In a Tuesday study published in the journal PLoS Biology, the Glasgow-based team said it had devised a genomic model that could “retrospectively or prospectively predict the probability that viruses will be able to infect humans.”
The group developed machine learning models to single out candidate zoonotic viruses using signatures of host range encoded in viral genomes.
With a dataset of 861 viral species with known zoonotic status, the researchers collected a single representative genome sequence from the hundreds of RNA and DNA virus species, spanning 36 viral families.
They classified each virus as being capable of infecting humans or not, made by merging three previously published datasets that reported data at the virus species level and did not consider the potential for variation in host range within virus species.
The researchers trained models to classify viruses accordingly.
Binary predictions correctly identified nearly 72% of the viruses that predominantly or exclusively infect humans and nearly 70% of zoonotic viruses as human infecting, though performance varied among viral families.
Upon further conversion of predicted probabilities of zoonotic potential into four categories, 92% of human-infecting viruses were predicted to have medium, high or very high zoonotic potential and a total of 18 viruses not currently considered to infect humans by their criteria were projected to have very high zoonotic potential – at least three of which had serological evidence of human infection, suggesting they could be valid zoonoses.
“Across the full dataset, 77.2% of viruses predicted to have very high zoonotic potential were known to infect humans,” the researchers wrote.
Next, the scientists tested several learning-based models to find the best-performing model, which was used to rank 758 virus species – and 38 viral families – not present in training data.
Among a second set of 645 animal-associated viruses excluding from training data, models predicted increased zoonotic transmission risk of genetically similar nonhuman primate-associated viruses.
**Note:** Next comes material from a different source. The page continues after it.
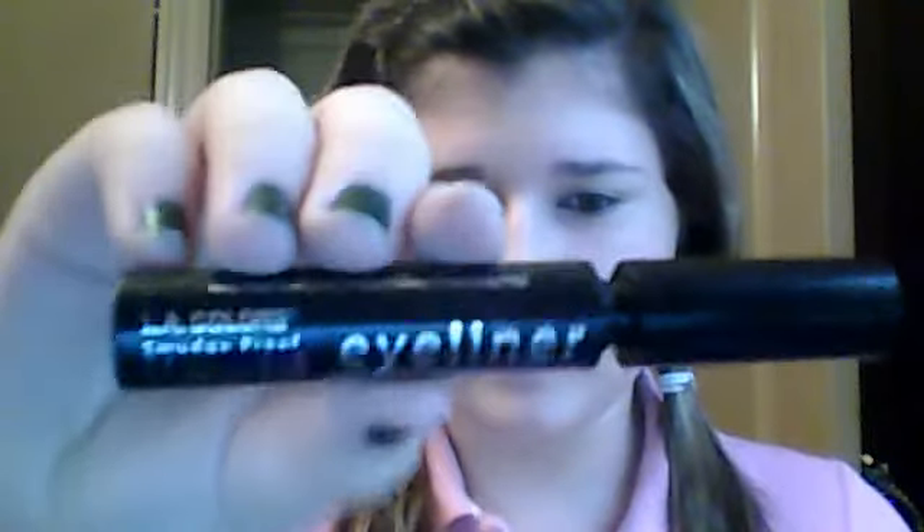Moving on to eyeliner. I don't really wear much eyeliner at all. I just use this LA Colors liquid eyeliner. It doesn't have to be expensive, as long as it's super black. I'm blending the top of my lash line. Oh, I messed up. Oh well. Right on the lash line, only going about halfway across, giving it a false lash line.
“Taken together, our results are consistent with the expectation that the relatively close phylogenetic proximity of nonhuman primates may facilitate virus sharing with humans and suggest that this may in part reflect common selective pressures on viral genome composition in both humans and nonhuman primates. However, broad differences among other animal groups appear to have less influence on zoonotic potential than virus characteristics,” the authors said.
In total, 70.8% of viruses sampled from humans were correctly identified with high or very high zoonotic potential.
A second case study predicted the zoonotic potential of all currently recognized coronavirus species and the human and animal genomes of all severe acute respiratory syndrome-related coronavirus.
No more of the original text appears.